* [PROVIDED MATERIAL]:
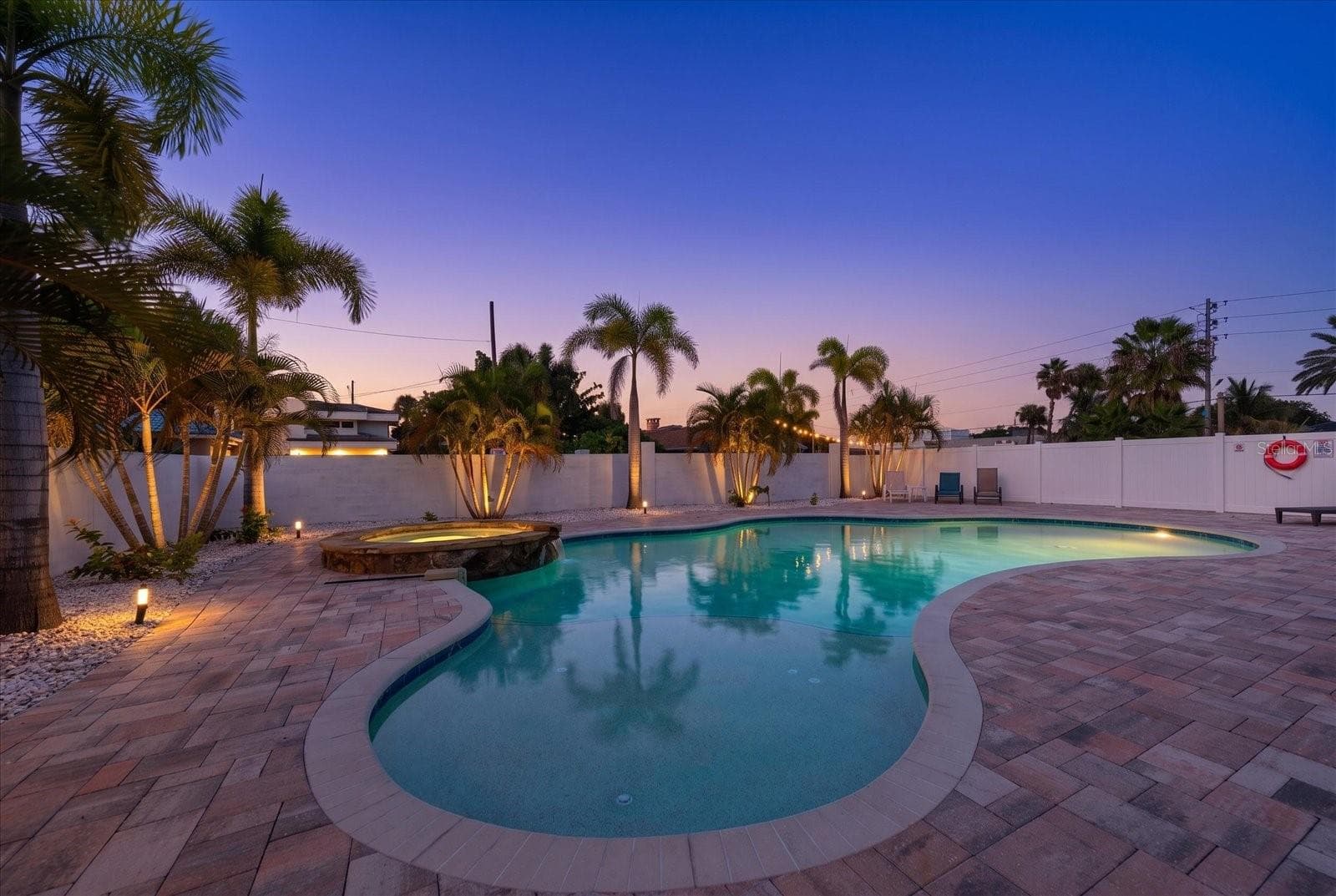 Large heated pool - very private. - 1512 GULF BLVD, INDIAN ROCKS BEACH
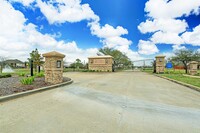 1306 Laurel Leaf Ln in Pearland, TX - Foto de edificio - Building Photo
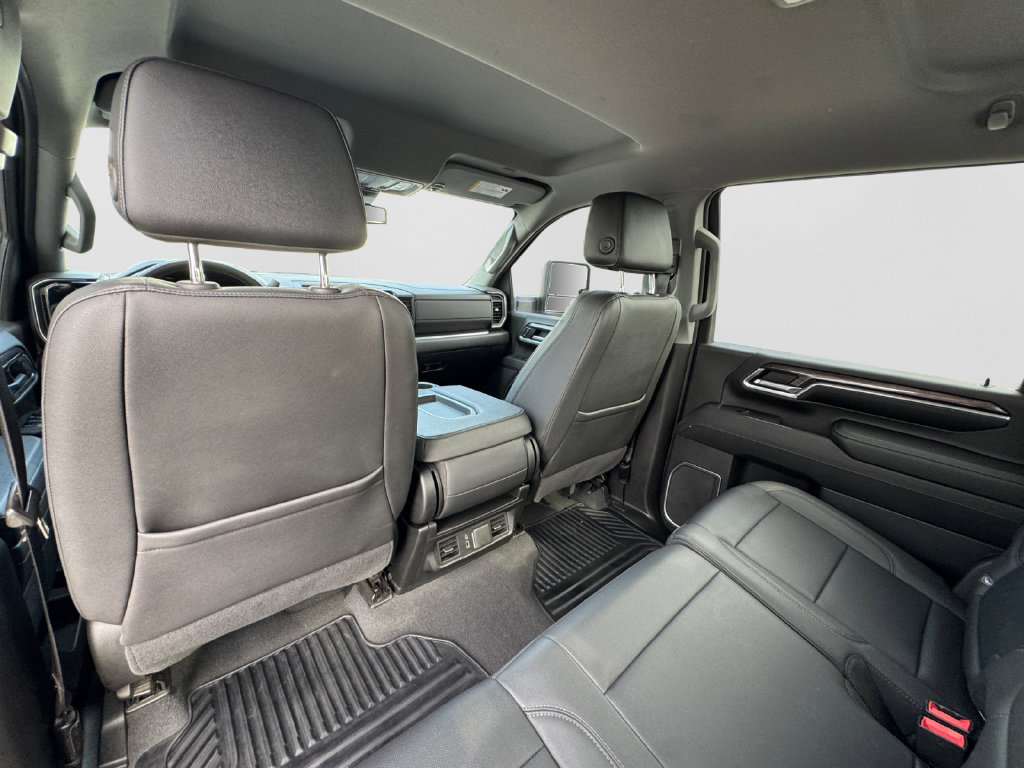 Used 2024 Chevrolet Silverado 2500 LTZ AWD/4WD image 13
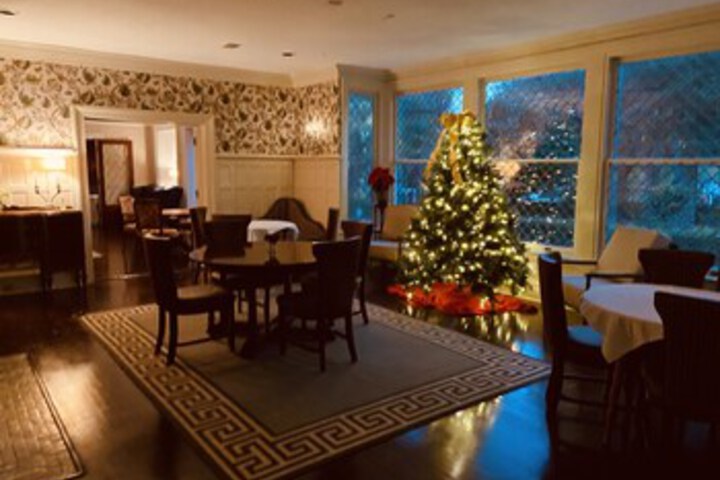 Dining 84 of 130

* [WHAT THE EXERCISE ASKS]: Reproduce the data verbatim. Do not carry any picture into the copy.

* [ANSWER AREA]:
 Large heated pool - very private. - 1512 GULF BLVD, INDIAN ROCKS BEACH
 1306 Laurel Leaf Ln in Pearland, TX - Foto de edificio - Building Photo
 Used 2024 Chevrolet Silverado 2500 LTZ AWD/4WD image 13
 Dining 84 of 130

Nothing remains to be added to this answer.